Phrase And Word Similarity. An attempt to convert meaning present in networks to a number for every binary relation - be it a word or a phrase.
This project is part of my B.Sc thesis at Harokopeio University of Athens, October 2014. The thesis focused on extracting similarity between words and phrases by using information present in graphs depicting synonymy, antonymy and other relations between words. The goal was to check sentence alignments and how possible alignments affect entailment and contradiction between the sentences that were analyzed.
Current word relation data in file wnsyns.tsv is from Wordnet and exists for demonstration purposes. The format of the data in the tsv file represents links in the graph and can be replaced with your own.
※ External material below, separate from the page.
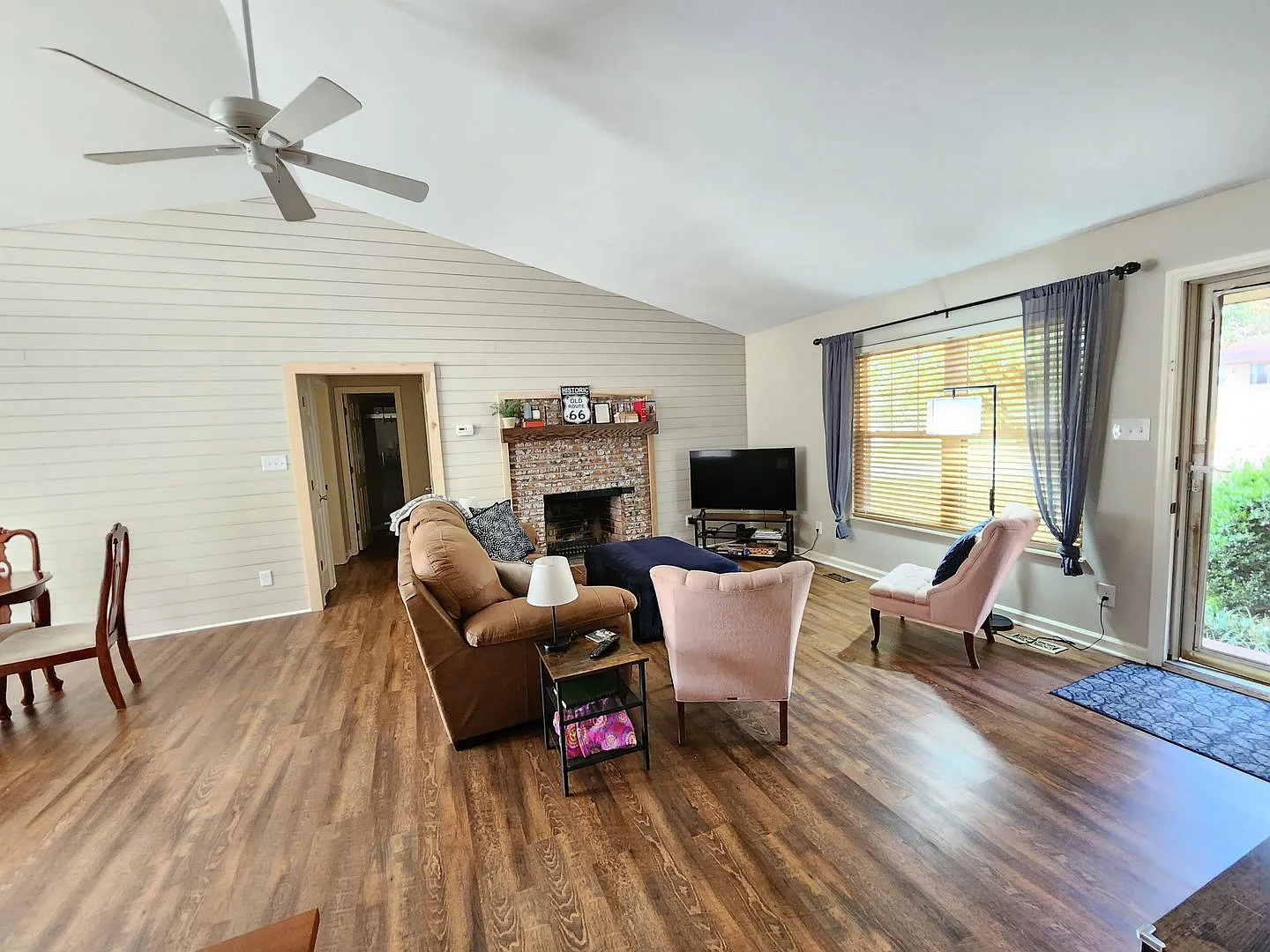 Maryville 37803 - Available Furnished or Unfurnished! — Photo 3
- g++ with C++11 support + stdlibs
- git clone https://github.com/andreasgrv/paws .
- cd paws
- make
- ./wordsim for word similarity or ./phrasesim for phrase similarity example: ./wordsim 3 dispersion+
- The integer is how many neighbours away in the graph the method should go
- The string is the method to use: boolean, count, countdepth, recursive, dispersion, dispersion+, concentration, concentration+
If using wordsim insert two words separated by a space. If using phrasesim insert the first phrase and press return, then the second one and press return. If you want to exit, type exit and press return.
Similarities range from 0 to 1 and are on a different scale depending on the method.